Exercise details -> In the listing below, find the line that contains "Cô áp lực vì" and the line that contains "Audi A3 FACELIFT". Quote both and every line between them, exactly, and nothing more.

Material to process ->
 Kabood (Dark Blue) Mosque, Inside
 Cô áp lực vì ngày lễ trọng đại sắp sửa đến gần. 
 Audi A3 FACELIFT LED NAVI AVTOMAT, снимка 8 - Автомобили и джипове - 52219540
...
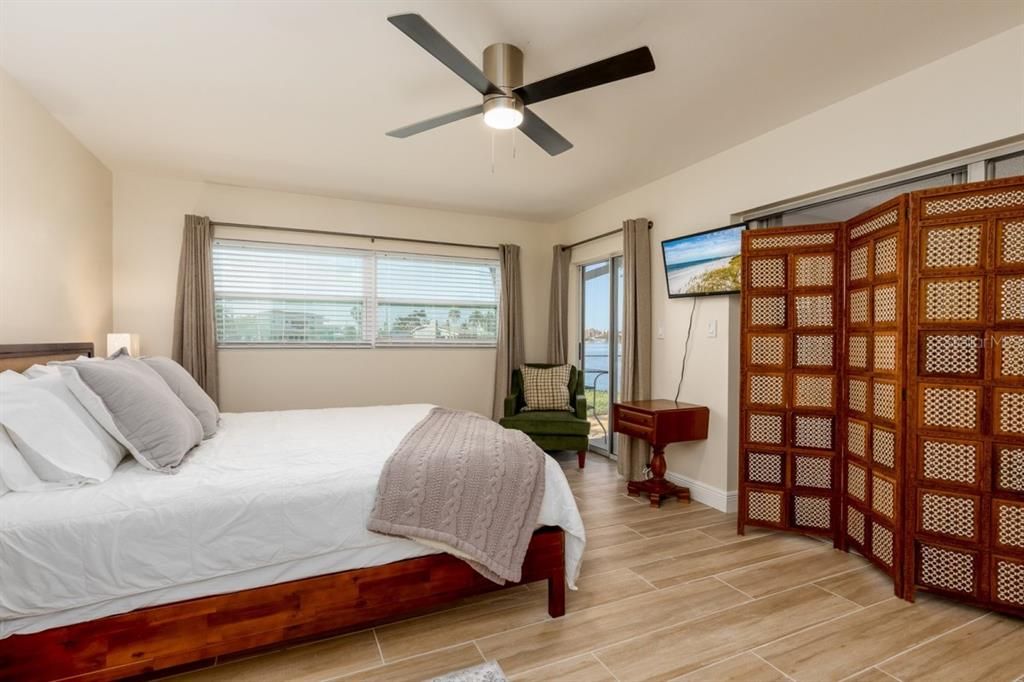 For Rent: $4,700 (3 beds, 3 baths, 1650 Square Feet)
---
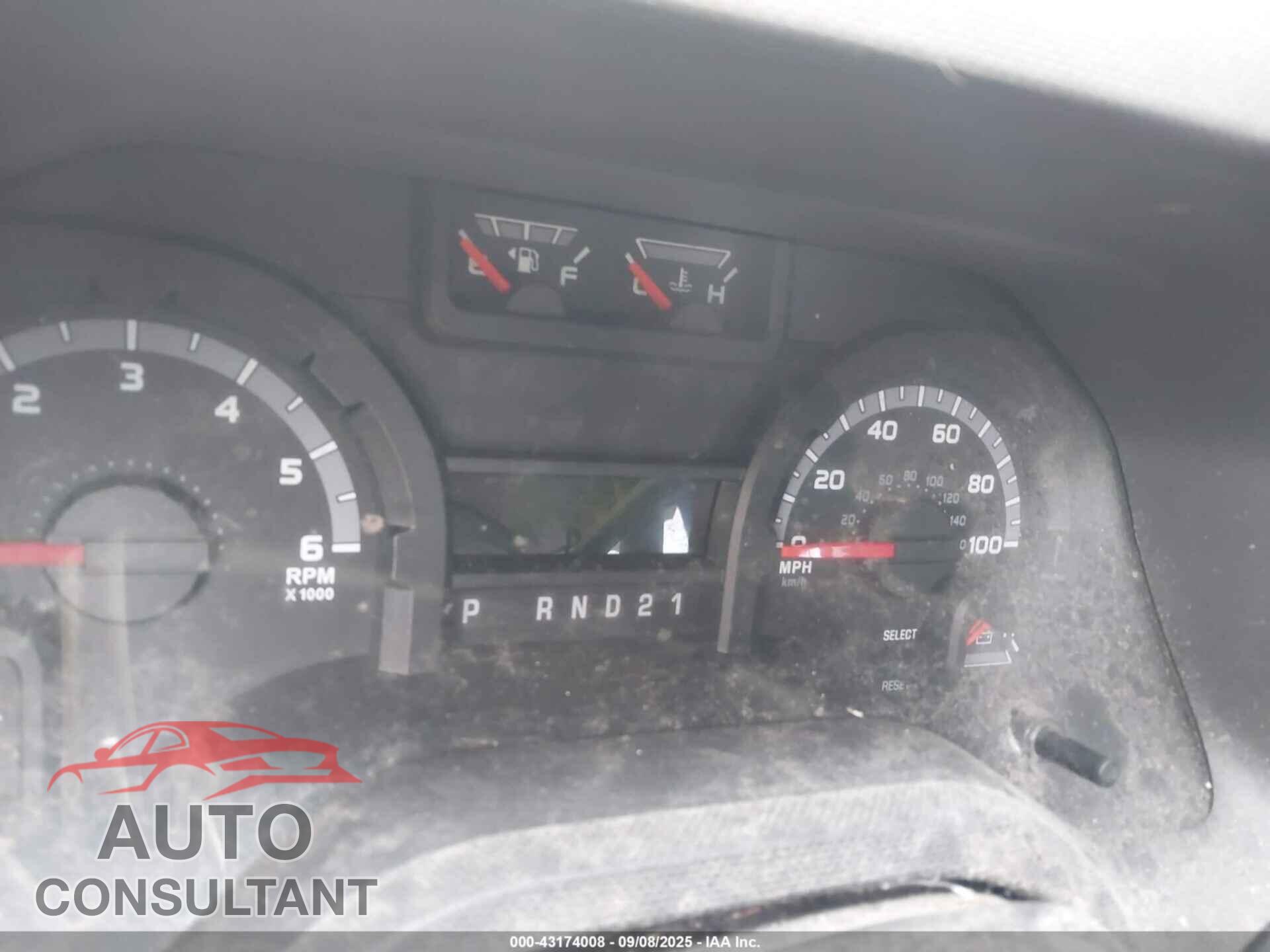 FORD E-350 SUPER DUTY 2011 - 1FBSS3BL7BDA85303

Solution to the problem ->
 Cô áp lực vì ngày lễ trọng đại sắp sửa đến gần. 
 Audi A3 FACELIFT LED NAVI AVTOMAT, снимка 8 - Автомобили и джипове - 52219540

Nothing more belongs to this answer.